The Daily Gamecock

Column: How to stop racism against minority groups as a USC student

The rise of violence against Asian Americans recently has been a concerning issue across the nation. In fact, the number of hate crime cases against Asian Americans in major cities have increased 150% compared to the previous year.

On March 16, 2021, another tragedy struck this country in Atlanta, Georgia, where eight people, including six Asian American women, were shot and killed. This case is only one of many racially based hate crimes that have occurred over and over again, which clearly proves the prevalence of discrimination and racism in the United States, not only for Asian Americans, but also for other minority groups, such as African Americans and Latinos.

As a USC student, one has many opportunities to either contribute to raising awareness about the discrimination happening recently, to try to prevent future cases or even to report the cases one has experienced or seen firsthand. 

Firstly, you can join a minority-based organization on-campus.

As the vice president of the Indonesian Student Organization on campus, it is easy for me to say these minority-based organizations provide a lot of cultural exchange events that will enrich one’s knowledge on diversity and inclusion.

At the same time, they provide an opportunity for students to befriend people from minority groups and learn more in order to raise awareness on cultural differences that one might have and, by proxy, to then learn to be more understanding and tolerant to these communities.

There is a saying from the Indonesian language that states “tak kenal maka tak sayang,” which literally means, “not knowing, hence do not care."

By knowing and understanding people from minority groups, one can be more thoughtful, understanding and caring toward them, preventing you from intentionally or unintentionally discriminating against someone.

Secondly, one can capitalize on USC's Equal Opportunity Programs as a campus resource for students to report, raise awareness and investigate occurrences of discrimination happening on-campus.

Equal Opportunity Programs are an essential resource for students that must be utilized when students and faculty members are committed to fighting discrimination.

By working together and cooperating with this essential program on campus, progress can be made through not only statements, but also action.

Under Anti-Discrimination Policies and Services, USC's website states, “The University of South Carolina does not discriminate in educational or employment opportunities on the basis of race, sex, gender, gender identity, transgender status, age, color, religion, national origin, disability, sexual orientation, genetics, protected veteran status, pregnancy, childbirth or related medical conditions.”
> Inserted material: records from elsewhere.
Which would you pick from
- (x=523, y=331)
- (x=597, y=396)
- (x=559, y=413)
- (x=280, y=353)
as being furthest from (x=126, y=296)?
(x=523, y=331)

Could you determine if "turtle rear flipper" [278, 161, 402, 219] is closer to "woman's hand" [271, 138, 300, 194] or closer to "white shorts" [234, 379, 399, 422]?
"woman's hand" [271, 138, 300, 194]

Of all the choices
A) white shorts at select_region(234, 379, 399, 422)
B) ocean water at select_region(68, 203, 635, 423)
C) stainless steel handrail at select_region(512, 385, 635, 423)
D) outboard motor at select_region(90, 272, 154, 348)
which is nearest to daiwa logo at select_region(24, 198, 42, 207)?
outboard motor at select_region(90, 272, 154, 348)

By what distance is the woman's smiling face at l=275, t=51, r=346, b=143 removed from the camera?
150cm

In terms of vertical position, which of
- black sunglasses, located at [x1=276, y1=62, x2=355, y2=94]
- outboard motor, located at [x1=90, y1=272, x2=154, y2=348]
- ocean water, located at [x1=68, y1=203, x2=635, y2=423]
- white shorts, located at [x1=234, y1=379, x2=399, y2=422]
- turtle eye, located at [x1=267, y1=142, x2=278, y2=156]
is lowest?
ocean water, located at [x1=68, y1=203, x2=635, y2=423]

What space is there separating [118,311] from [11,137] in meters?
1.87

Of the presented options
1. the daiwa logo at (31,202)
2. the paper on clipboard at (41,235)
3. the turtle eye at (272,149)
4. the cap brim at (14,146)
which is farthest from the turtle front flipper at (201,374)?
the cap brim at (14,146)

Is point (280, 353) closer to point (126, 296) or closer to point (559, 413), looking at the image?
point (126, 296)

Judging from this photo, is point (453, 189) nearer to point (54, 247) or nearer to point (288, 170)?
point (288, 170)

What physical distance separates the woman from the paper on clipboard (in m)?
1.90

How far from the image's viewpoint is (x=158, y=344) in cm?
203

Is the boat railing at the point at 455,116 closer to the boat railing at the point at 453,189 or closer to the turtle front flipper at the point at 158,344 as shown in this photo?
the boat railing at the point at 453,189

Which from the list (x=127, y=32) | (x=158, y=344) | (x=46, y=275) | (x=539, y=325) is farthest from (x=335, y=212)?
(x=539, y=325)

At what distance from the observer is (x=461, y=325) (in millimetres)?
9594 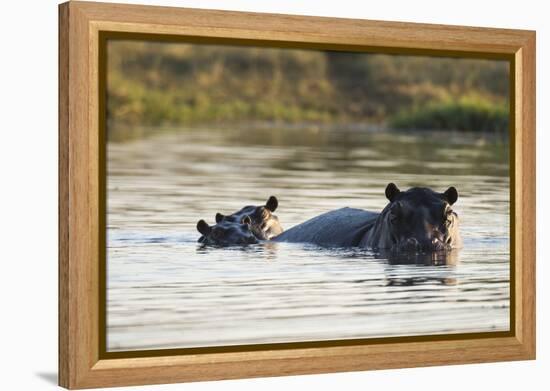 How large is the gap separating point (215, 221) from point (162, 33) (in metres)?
1.25

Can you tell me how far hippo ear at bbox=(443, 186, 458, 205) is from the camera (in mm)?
9672

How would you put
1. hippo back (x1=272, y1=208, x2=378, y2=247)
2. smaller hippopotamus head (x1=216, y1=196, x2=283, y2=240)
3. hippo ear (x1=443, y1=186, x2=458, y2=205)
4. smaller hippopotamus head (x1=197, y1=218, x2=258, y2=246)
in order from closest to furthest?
1. smaller hippopotamus head (x1=197, y1=218, x2=258, y2=246)
2. smaller hippopotamus head (x1=216, y1=196, x2=283, y2=240)
3. hippo back (x1=272, y1=208, x2=378, y2=247)
4. hippo ear (x1=443, y1=186, x2=458, y2=205)

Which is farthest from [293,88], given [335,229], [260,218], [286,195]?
[335,229]

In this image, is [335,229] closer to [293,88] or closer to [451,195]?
[451,195]

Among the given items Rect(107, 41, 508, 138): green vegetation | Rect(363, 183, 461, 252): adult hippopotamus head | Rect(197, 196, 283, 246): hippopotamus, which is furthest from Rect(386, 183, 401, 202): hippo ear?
Rect(197, 196, 283, 246): hippopotamus

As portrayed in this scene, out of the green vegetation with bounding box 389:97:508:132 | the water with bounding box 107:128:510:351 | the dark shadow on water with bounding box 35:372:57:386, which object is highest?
the green vegetation with bounding box 389:97:508:132

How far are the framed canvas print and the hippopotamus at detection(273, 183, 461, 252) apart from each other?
1 centimetres

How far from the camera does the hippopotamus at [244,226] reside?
8.97 metres

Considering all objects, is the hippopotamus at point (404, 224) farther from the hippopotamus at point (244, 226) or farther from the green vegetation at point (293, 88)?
the green vegetation at point (293, 88)

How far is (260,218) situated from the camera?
9188mm

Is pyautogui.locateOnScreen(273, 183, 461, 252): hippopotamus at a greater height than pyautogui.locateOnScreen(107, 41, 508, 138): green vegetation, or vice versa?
pyautogui.locateOnScreen(107, 41, 508, 138): green vegetation

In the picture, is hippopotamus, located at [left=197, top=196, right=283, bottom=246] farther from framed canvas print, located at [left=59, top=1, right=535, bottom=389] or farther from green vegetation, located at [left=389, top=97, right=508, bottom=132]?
green vegetation, located at [left=389, top=97, right=508, bottom=132]

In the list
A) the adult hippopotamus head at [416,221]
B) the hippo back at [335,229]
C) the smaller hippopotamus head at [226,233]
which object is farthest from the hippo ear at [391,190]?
the smaller hippopotamus head at [226,233]

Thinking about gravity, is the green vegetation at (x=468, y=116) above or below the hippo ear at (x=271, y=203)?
above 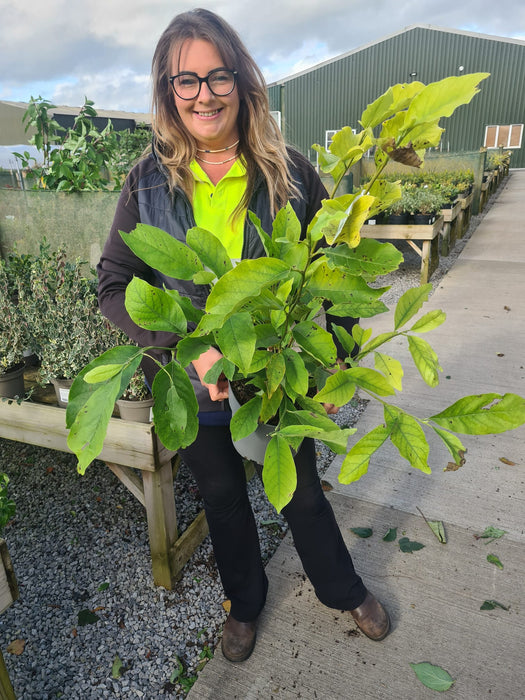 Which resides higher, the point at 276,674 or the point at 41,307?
the point at 41,307

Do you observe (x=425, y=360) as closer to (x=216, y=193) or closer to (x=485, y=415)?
(x=485, y=415)

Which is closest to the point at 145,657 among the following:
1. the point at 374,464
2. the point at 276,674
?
the point at 276,674

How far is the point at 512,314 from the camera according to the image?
16.5ft

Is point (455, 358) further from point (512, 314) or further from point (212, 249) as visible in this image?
point (212, 249)

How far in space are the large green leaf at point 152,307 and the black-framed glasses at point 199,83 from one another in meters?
0.91

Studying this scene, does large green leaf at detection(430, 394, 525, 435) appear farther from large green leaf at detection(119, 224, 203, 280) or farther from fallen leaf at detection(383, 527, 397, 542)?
fallen leaf at detection(383, 527, 397, 542)

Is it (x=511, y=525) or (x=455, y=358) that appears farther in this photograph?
(x=455, y=358)

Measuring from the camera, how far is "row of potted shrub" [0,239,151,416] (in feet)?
6.82

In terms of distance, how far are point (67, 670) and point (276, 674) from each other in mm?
722

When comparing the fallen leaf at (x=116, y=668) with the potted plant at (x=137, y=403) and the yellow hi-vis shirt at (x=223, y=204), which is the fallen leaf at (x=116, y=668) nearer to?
the potted plant at (x=137, y=403)

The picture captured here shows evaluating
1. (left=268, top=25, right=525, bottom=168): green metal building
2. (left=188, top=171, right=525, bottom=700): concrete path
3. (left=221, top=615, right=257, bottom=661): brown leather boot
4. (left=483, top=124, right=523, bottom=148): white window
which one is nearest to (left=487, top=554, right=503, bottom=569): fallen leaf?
(left=188, top=171, right=525, bottom=700): concrete path

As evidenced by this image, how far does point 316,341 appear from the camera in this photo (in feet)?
2.77

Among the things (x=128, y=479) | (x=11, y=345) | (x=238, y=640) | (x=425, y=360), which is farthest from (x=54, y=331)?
(x=425, y=360)

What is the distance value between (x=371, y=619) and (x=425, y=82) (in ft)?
82.0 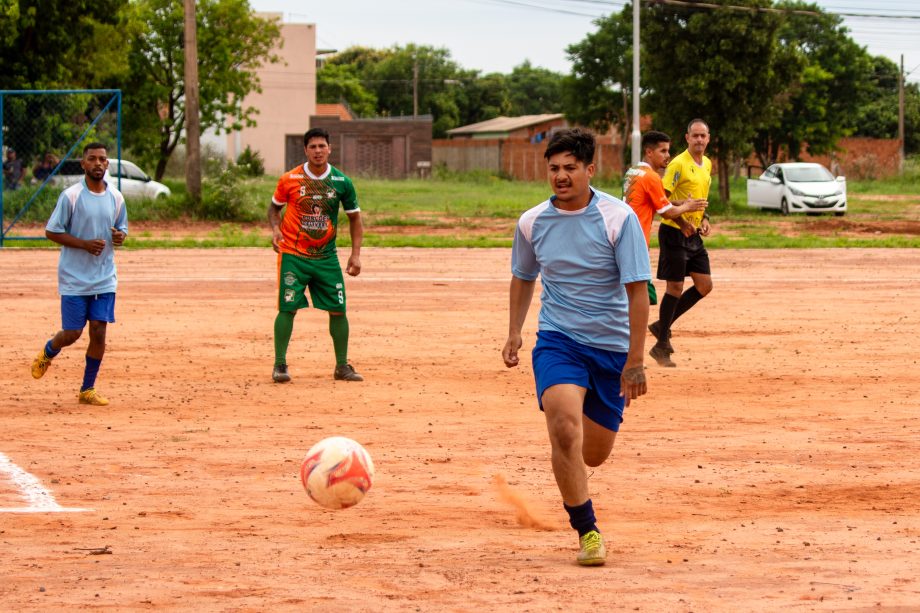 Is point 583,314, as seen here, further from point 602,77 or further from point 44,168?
point 602,77

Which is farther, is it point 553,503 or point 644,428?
point 644,428

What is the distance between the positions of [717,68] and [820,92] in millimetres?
29400

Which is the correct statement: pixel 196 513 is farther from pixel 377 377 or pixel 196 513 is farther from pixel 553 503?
pixel 377 377

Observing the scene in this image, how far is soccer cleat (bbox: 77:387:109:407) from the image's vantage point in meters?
9.97

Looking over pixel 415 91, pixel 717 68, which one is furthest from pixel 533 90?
pixel 717 68

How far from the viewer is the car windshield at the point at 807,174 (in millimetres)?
34281

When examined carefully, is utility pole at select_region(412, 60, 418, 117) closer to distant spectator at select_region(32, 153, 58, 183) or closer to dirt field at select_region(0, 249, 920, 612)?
distant spectator at select_region(32, 153, 58, 183)

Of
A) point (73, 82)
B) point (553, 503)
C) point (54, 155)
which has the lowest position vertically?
point (553, 503)

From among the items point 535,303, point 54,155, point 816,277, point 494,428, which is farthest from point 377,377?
point 54,155

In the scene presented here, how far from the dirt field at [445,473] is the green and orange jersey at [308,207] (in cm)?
117

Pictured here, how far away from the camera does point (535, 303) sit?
16.8 metres

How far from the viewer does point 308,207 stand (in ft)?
35.3

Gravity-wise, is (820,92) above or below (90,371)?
above

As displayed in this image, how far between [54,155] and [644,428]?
17240mm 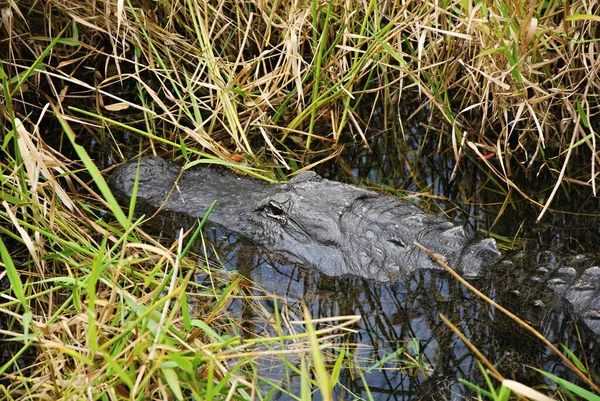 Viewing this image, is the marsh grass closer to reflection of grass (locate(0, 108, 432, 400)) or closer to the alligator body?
reflection of grass (locate(0, 108, 432, 400))

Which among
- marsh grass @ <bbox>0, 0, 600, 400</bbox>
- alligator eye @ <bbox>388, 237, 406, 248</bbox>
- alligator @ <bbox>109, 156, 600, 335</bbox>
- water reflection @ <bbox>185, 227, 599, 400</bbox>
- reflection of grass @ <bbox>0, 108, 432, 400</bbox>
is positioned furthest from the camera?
marsh grass @ <bbox>0, 0, 600, 400</bbox>

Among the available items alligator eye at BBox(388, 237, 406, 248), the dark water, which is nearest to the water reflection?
the dark water

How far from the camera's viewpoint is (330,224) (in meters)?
3.51

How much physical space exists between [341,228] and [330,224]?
0.19 feet

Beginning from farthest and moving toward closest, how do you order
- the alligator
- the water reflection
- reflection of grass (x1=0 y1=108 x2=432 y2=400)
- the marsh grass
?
the marsh grass < the alligator < the water reflection < reflection of grass (x1=0 y1=108 x2=432 y2=400)

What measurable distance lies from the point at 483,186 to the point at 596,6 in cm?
114

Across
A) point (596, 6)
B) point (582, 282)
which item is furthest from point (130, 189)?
point (596, 6)

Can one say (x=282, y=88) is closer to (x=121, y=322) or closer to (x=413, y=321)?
(x=413, y=321)

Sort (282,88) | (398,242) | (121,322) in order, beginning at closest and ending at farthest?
(121,322), (398,242), (282,88)

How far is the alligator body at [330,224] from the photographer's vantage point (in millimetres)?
3432

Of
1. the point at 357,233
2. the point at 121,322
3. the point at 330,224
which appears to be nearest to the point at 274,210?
the point at 330,224

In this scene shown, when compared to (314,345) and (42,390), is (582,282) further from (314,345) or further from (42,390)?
(42,390)

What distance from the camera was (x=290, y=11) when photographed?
4.27 metres

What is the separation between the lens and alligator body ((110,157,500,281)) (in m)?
3.43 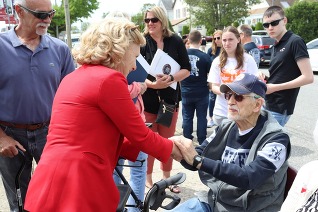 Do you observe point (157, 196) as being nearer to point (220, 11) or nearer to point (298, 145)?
point (298, 145)

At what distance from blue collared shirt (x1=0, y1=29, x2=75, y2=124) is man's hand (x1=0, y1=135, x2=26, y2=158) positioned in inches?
6.0

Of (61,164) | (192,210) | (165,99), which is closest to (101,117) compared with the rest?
(61,164)

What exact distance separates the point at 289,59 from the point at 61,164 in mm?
2663

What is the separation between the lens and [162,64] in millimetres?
3600

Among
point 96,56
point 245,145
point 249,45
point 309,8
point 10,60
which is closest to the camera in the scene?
point 96,56

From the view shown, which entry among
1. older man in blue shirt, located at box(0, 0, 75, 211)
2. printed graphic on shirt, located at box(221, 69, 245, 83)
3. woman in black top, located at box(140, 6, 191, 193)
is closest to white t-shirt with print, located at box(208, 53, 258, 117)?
printed graphic on shirt, located at box(221, 69, 245, 83)

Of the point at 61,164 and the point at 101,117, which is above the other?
the point at 101,117

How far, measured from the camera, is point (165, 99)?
3.76 metres

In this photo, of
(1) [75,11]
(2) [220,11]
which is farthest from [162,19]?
(2) [220,11]

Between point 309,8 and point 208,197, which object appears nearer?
point 208,197

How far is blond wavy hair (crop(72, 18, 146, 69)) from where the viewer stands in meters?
1.86

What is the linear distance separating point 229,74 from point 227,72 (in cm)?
4

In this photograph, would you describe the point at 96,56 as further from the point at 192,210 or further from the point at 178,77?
the point at 178,77

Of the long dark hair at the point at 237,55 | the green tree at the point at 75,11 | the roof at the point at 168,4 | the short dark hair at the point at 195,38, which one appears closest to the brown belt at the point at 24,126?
the long dark hair at the point at 237,55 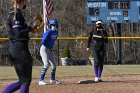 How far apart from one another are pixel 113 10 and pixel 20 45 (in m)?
15.9

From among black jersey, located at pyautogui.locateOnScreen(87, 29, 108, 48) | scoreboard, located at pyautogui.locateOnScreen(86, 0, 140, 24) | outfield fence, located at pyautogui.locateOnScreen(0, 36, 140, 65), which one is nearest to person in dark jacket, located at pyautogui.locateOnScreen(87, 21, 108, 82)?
black jersey, located at pyautogui.locateOnScreen(87, 29, 108, 48)

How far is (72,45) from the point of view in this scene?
34.5m

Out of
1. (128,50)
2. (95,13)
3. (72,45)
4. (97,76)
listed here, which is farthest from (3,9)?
(97,76)

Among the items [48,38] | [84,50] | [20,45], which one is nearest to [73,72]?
[48,38]

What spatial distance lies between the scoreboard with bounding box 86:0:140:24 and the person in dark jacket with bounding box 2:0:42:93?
50.1 feet

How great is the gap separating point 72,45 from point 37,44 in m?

Through collaboration with the Equal Opportunity Program, it is time for students to execute anti-discrimination initiatives based on university policies and ensure the university is taking the right steps to abolish any kind of de facto and de jure discrimination happening on campus.

Thirdly, students, mainly student leaders, can actively reach out to minority groups to incorporate their needs and interests when making policies with the university or creating campus financial budgets.

The third step is equally as important as the first two steps, as the involvement of campus leadership toward minority groups can create a more understanding situation of one another. Eventually, this will result in the ability to create more inclusive policies and campus initiatives that cater to all interests.

To achieve the ideal situation of understanding one another, Student Government and student senate must be able to cater more to the interests of minority groups.

As one of the highest tiers of student leadership on campus, Student Government's voice really matters, which means that it would be consequential for the university’s diversity progress if it expressed minority concerns more vocally.

These steps, in combination, must be maximized to fight racism and discrimination on-campus. Racism and discrimination have no place at USC and, therefore, must be fought together.